MARTHA STEWART Reeling company loses its queen



Stewart's magazine has seen a decline in circulation and ad revenue.
NEW YORK (AP) -- Can Martha Stewart's company survive the latest troubles of Martha Stewart?
Her die-hard fans appear to still love her branded merchandise, but some advertisers, who have been skittish about appearing in her magazines and on TV, could pull back even more.
"Without Martha, the company is only a shell. She's it," said Terry Gaudet, a stockholder from West Hartford, Conn., who was at Tuesday's shareholders meeting.
Others, however, haven't lost faith.
"The brand will survive because Martha has gone beyond being a person who represents a brand," said Jerry Della Femina, chairman of Della Femina Rothschild Jeary, an advertising company, who has remained a fan of Stewart's.
Stepping down
Stewart, slapped with a nine-count indictment, said late Wednesday that she is relinquishing her responsibilities as chairman and chief executive of Martha Stewart Living Omnimedia but will stay on its board. Stewart, who owns 61 percent of the company's stock, will continue to serve as chief creative officer.

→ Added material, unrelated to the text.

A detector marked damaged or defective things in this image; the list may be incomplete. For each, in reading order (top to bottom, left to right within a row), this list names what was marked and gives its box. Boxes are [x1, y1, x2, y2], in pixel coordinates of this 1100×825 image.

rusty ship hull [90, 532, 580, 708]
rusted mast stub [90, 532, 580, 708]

The company named Sharon Patrick, president and chief operating officer, as chief executive. Jeffrey Ubben, founder and managing partner of ValueAct Capital Partners, L.P., an investment partnership that owns 22 percent of the company's Class A common shares, has been elected chairman.
Arthur Martinez, director and former chairman and chief executive of Sears, Roebuck and Co., has been named lead director.

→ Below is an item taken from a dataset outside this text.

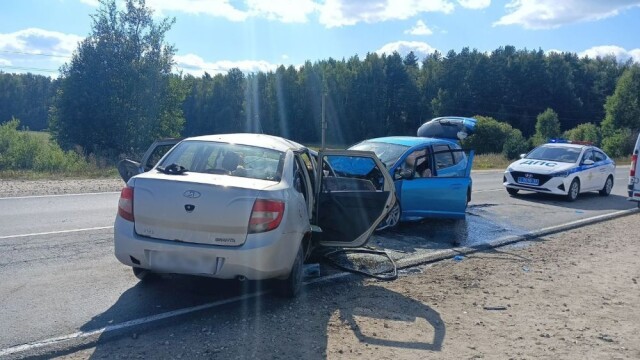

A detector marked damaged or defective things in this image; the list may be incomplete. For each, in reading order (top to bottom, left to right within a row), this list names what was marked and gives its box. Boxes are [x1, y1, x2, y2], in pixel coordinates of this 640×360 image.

detached car door [117, 139, 180, 181]
detached car door [314, 150, 398, 248]
shattered windshield [350, 141, 410, 168]
detached car door [400, 146, 476, 219]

The developments came as the Securities and Exchange Commission filed a lawsuit seeking to ban Stewart from being a director of a public company -- including her own -- and limit her activities as an officer of a public company.
Troubled times
Stewart's indictment and her diminished role in her multimedia empire marks a dramatic turn of events for the company, which has been reeling since news broke last June that her name was tied to an insider trading scandal involving the shares of ImClone Systems Inc. Shares in Stewart's company have fallen by 50 percent and earnings have suffered.

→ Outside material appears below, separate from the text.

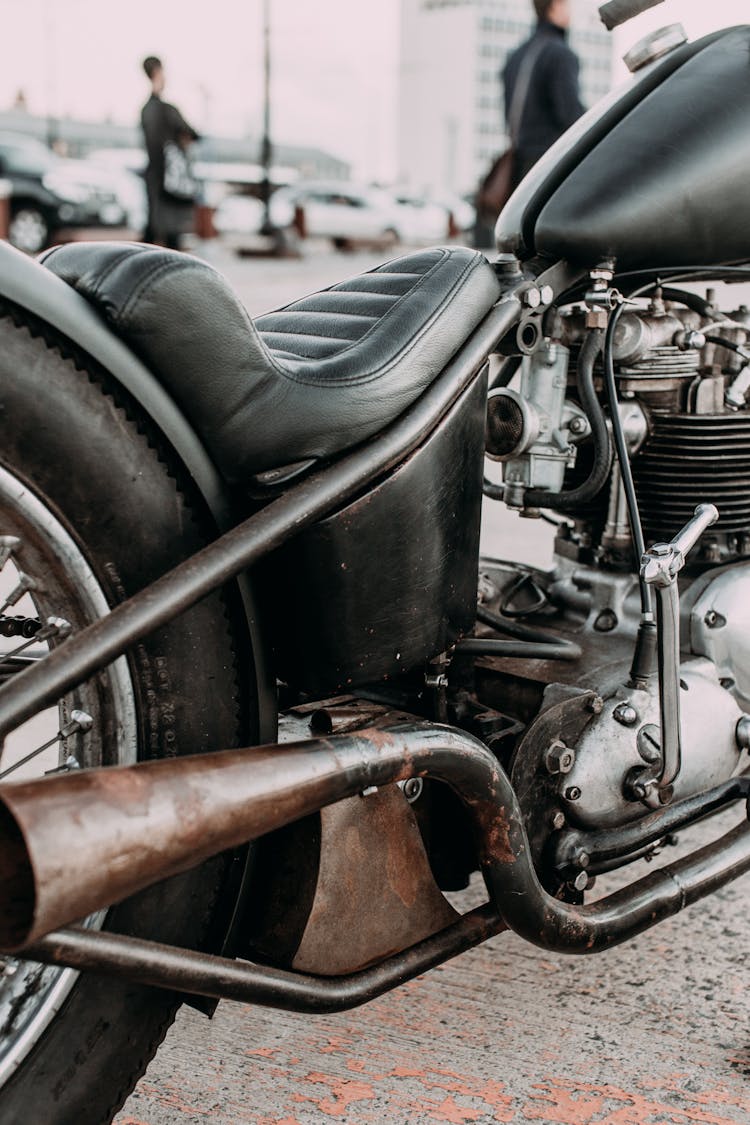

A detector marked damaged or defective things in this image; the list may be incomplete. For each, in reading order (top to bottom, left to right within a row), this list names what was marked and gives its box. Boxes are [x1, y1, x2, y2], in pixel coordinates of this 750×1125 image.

rusty metal frame [5, 728, 750, 1016]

Advertising and circulation revenues for Martha Stewart Living magazine have taken a hit. Some of her consumer base appears to have eroded, with company officials acknowledging in a recent conference call that magazine renewal rates have dipped.
Now, analysts expect some advertisers to pull back even more and believe that the indictment could keep retailers from striking new relationships with the company. What's more, readers of her magazine and buyers of her goods might react to the charges by turning away from her brand, says Seth Siegel, co-founder of the Beanstalk Group, a licensing agency.
However, Stewart executives are hoping consumers will behave like Lisa Schroeder, 39, who was at Kmart in Overland Park, Kan. "If I like the stuff, I'm going to buy it anyway," she said.
Kmart sells an exclusive line of home products under the Martha Stewart brand.
Other cases
History has many examples of brands that collapsed in similar situations, as well as others that continued to thrive during crises.
Steven Madden went to prison last year to serve a 41-month sentence for stock fraud and money laundering, but Steve Madden Ltd., is doing well, continuing to report strong sales of its chunky shoes.
But unlike Madden, Stewart has become synonymous with tasteful living for legions of fans. Through television shows and public appearances, she is also the embodiment of its brand.
In an apparent effort to reduce that dependency, Martha Stewart Living recently began testing a magazine, Everyday Food, which does not carry her name.
Laura A. Richardson, an analyst at Adams, Harkness & amp; Hill, said that executives "should be able to maintain a company without Martha." But she said, "They are not very far along in that transition process. They need a turnaround plan."
Prediction
Wendy Liebmann, president of WSL Strategic Retail, a consulting firm, said she expects the publishing side of the business -- which accounts for 60 percent of revenues -- to continue to be most vulnerable to fallout from the indictments, more so than sales of Stewart-branded retail products such as towels and housewares.
Ad pages, a key monitor of a magazine's health, fell 28 percent at Martha Stewart Living magazine in the first quarter compared to the same period last year, according to Media Industry Newsletter.
Television revenues were $6.6 million in the first quarter, compared to $6.7 million in the prior year's quarter.
Kmart said in a statement that Stewart's home furnishings remain "a Kmart customer favorite and continue to sell well overall."
Sears Canada said it hasn't changed plans to launch a line of home products under the Martha Stewart label this fall.
The company has found from surveys that consumer attitudes toward the brand were "positive" despite the scandal, spokesman Vincent Power said.